**** RECORDED INFORMATION ****

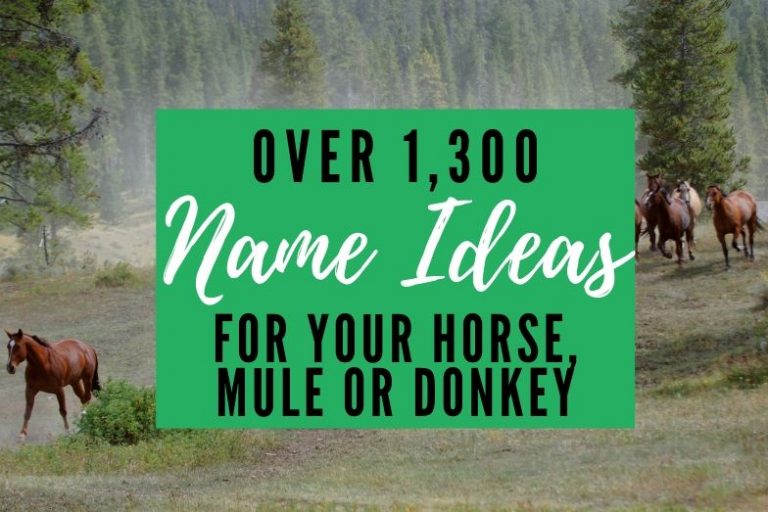 Guide to Horse Tail Ribbon Colors Helpful Horse Hints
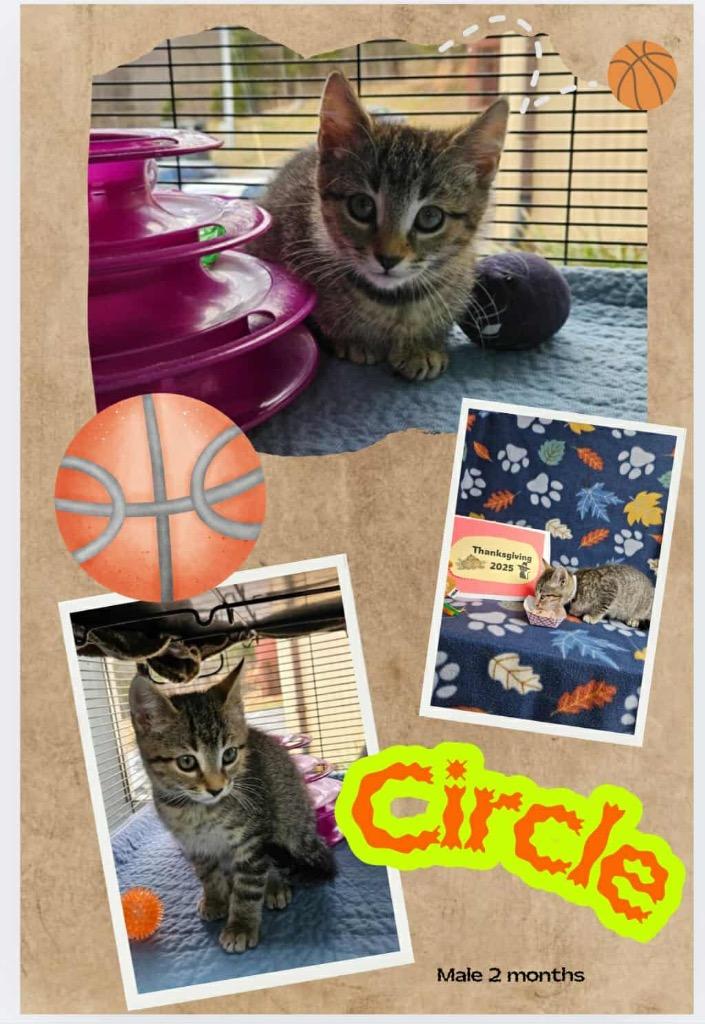 Circle, Adoptable, Kitten Male Domestic Short Hair.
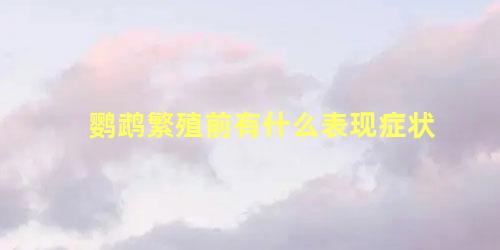 鹦鹉繁殖前有什么表现症状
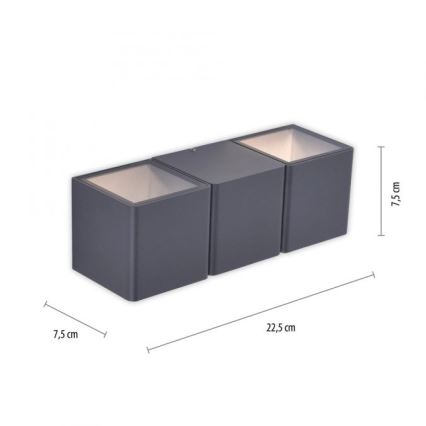 Paul Neuhaus 9658-13 - Вуличний настінний LED світильник MARCEL 2xLED/4W/230V IP54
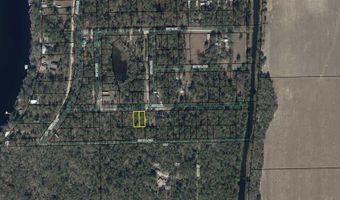 SW 14th Pl, Bell, FL 32619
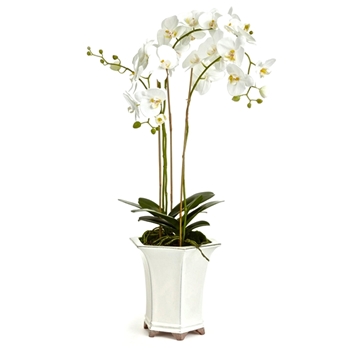 Orchid - Phalaenopsis Potted White 12W/36H Barclay Butera - CC252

****

- _TO DO_
Exactly the lines from the one with "SW 14th Pl, Bell, FL 32619" through the end of the records should be written out, and only those. Pictures do not belong in the copy.

- _ANSWER SPACE_
 SW 14th Pl, Bell, FL 32619
 Orchid - Phalaenopsis Potted White 12W/36H Barclay Butera - CC252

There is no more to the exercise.